An exact transcription is needed of the lines below from the one with "明日宇宙へ向かう:ISS でタコがやるべきことはこれだ" through the one with "Image result for Rhytachne latifolia", with no other lines and no pictures.

**Records shown**.
------------------------------------------------
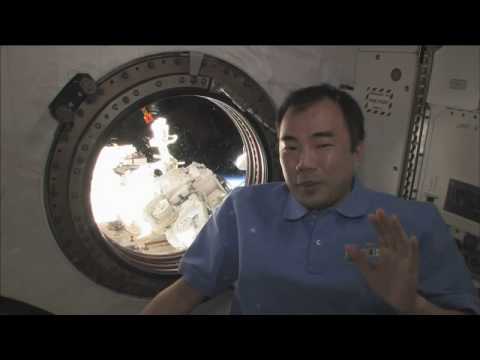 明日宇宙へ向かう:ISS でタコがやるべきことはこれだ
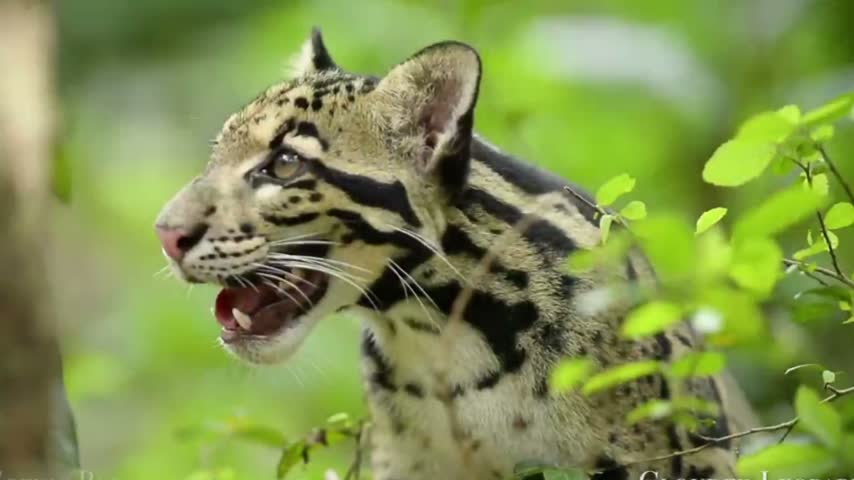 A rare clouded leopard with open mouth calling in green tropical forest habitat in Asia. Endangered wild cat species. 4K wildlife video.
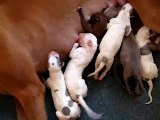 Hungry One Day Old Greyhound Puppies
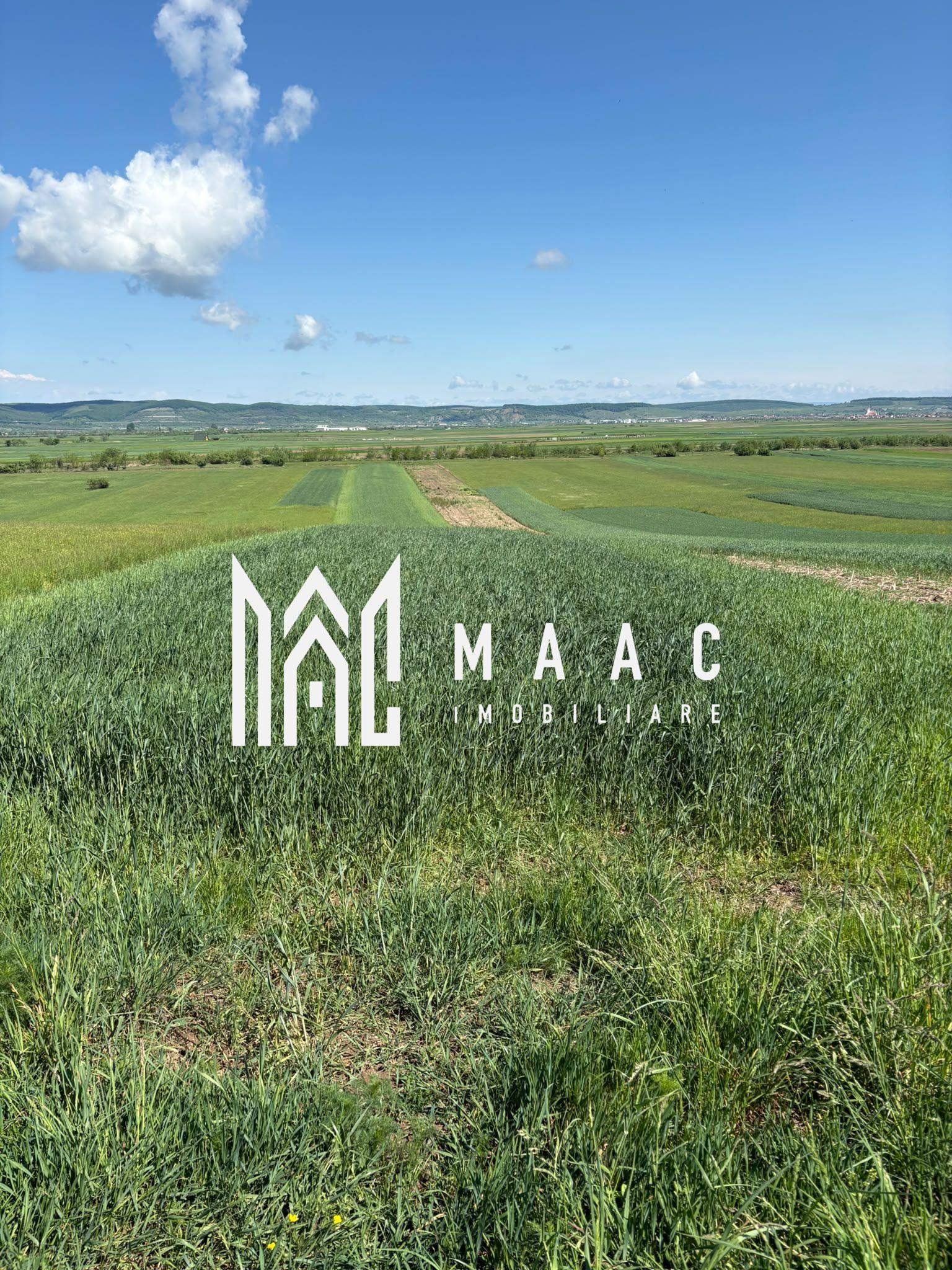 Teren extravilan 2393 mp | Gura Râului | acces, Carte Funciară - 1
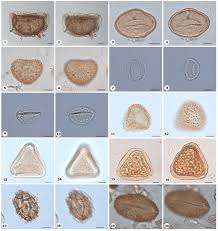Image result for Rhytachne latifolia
------------------------------------------------
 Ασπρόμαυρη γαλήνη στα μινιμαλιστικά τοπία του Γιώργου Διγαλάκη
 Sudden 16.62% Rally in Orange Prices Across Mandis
------------------------------------------------
**Exercise result**.
 明日宇宙へ向かう:ISS でタコがやるべきことはこれだ
 A rare clouded leopard with open mouth calling in green tropical forest habitat in Asia. Endangered wild cat species. 4K wildlife video.
 Hungry One Day Old Greyhound Puppies
 Teren extravilan 2393 mp | Gura Râului | acces, Carte Funciară - 1
Image result for Rhytachne latifolia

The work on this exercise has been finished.